After doing my workshop the first morning on my healing work and releasing limiting beliefs, I participated in the afternoon’s events with the Goddesses. The activities included something called a Dolphin Dance. Ignorance is truly bliss as I never connected the name with water. Duh! I know. I don’t like water. I don’t like to swim. I don’t snorkel and just watching scuba divers put on their gear gives me claustrophobia. All of a sudden I realized as I put on my bathing suit that I was going into the water and my heart began to race.
The instructor immediately realized that I didn’t do well in the water, especially when she handed us all nose plugs to put on. So I got pulled off to the side of the pool to be worked with one-on-one. Talk about ironical as I had just spoken for 90 minutes on releasing limiting beliefs. The other women watched with compassion as I tried to learn how to blow bubbles, exhale and breathe like a dolphin. In the meantime, they all performed these amazing dances that resembled their time in the womb. I took one look at the instructor as she rolled and turned in the water, curled up like a fetus and felt a huge wave of sadness engulf me. Being in the womb wasn’t a pleasant experience for me and the enormity of the sadness took my breath away - what breath I had left with that horrible nose plug on! I ended up allowing myself to relax completely in her arms as she moved me through the water. I never did put my face in the water but celebrated that I stayed in the pool for the entire 90 minutes, had left the nose plug on for minutes at a time and had actually relaxed in the pool. She thought I was a pretty pathetic dolphin - I thought I was magnificent!
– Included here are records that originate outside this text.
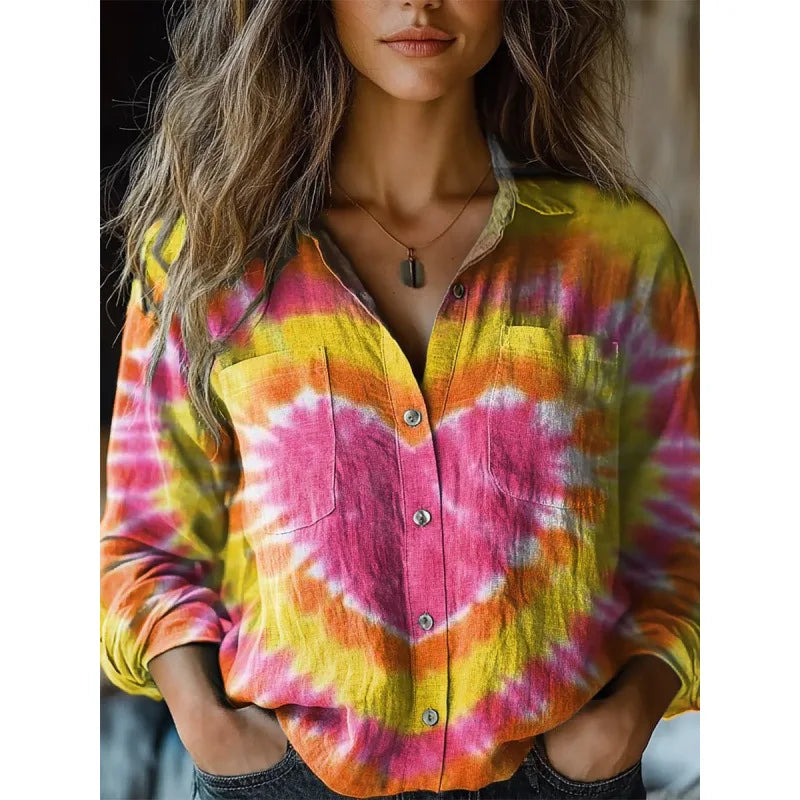 Vintage blouse met print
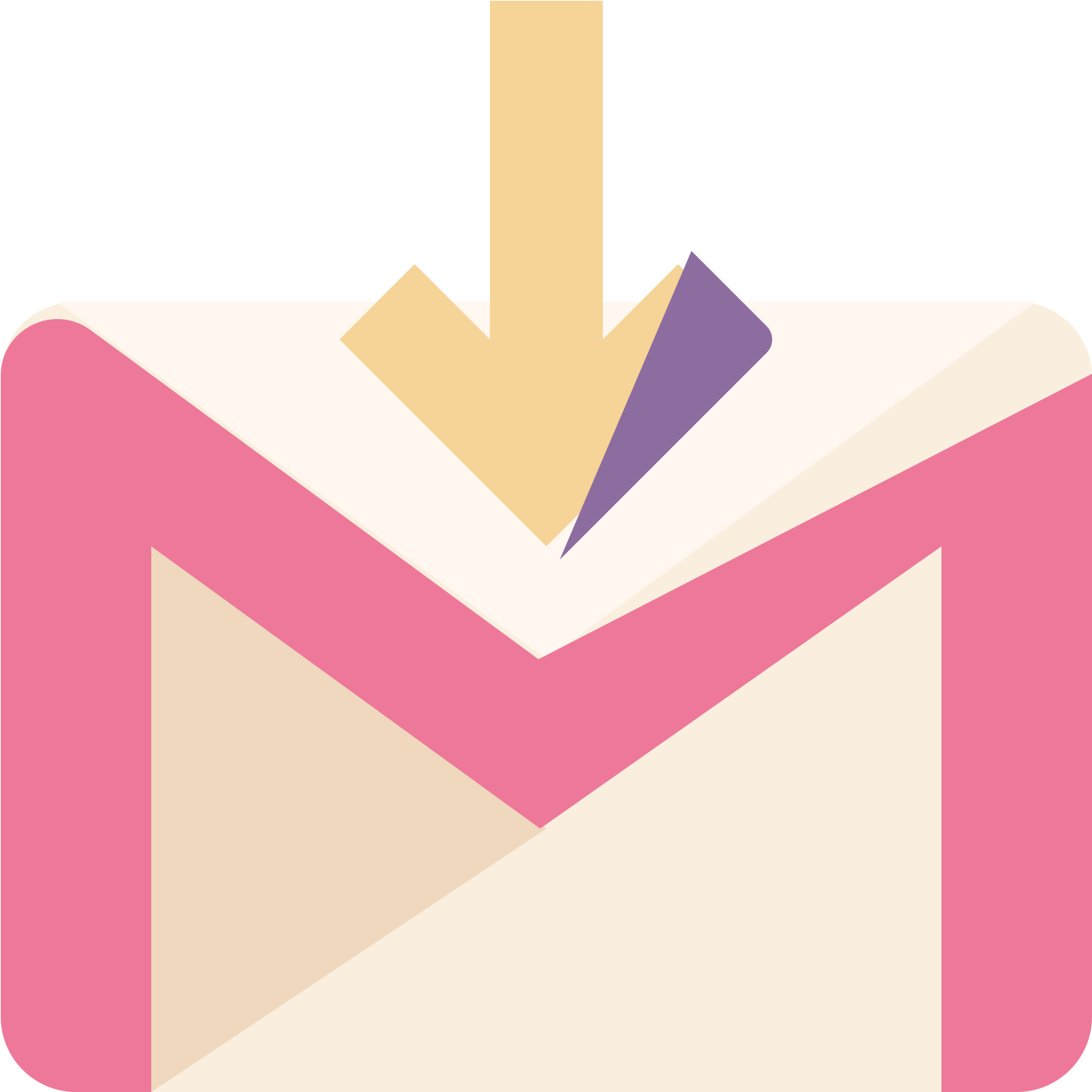 1600 X 1600 Icons8 - Pink Gmail Icon Png, Transparent Png PNG with transparent background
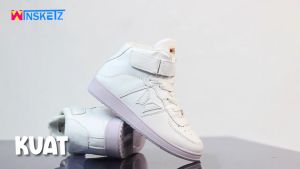 Sepatu Anak Laki Perempuan Sekolah Casual Original Premium Import Lokal Wins High Full White Putih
The last day of the retreat was a visit to Pelee’s cave. The cave resembles the female organs of Pelee. I won’t use the specific terms as I am sure spam filters would have a heyday if we actually used “those words” but let’s just say that this cave is anatomically correct. However, I hate caves. It’s the same thing as the water - can’t breathe - out of control - no way out. What broke me up completely was the moment I learned that the same instructor for the Dolphin Dance was our guide for Pelee’s cave! ”Oh my goodness”, I howled with the women. ”We need to find me a wig” I laughed, “so she won’t recognize me”.
I went into Pelee’s ovary but being in the dark, in the dampness, several feet under the ground for 2 hours was not my cup of tea. I let the group do their thing and I went and did some healing work on my own. They all had an amazing experience and so did I. An old tooth infection from 10 years ago flared up a few days before the retreat and by that morning I looked like a chipmunk. As they chanted and meditated in the darkness of Pelee’s innermost parts, the cyst in my mouth burst and I experienced an emotional and physical healing.
Why am I telling you this? I got three huge lessons in Hawaii. Lessons that I think are really important to more people than just me. As the co-facilitator I could have avoided both the water and cave activity because I knew I didn’t like them. However, I wanted to see my progress in these areas. I was thrilled with what I did accomplish, rather than discouraged by what I didn’t. I have spent no time healing issues around water and caves - there have been much bigger issues like money, relationships, career, being organized and sexual abuse. So I celebrated what I did and never beat myself up for what I didn’t do. Imagine how much easier you would be on yourself if you did the same.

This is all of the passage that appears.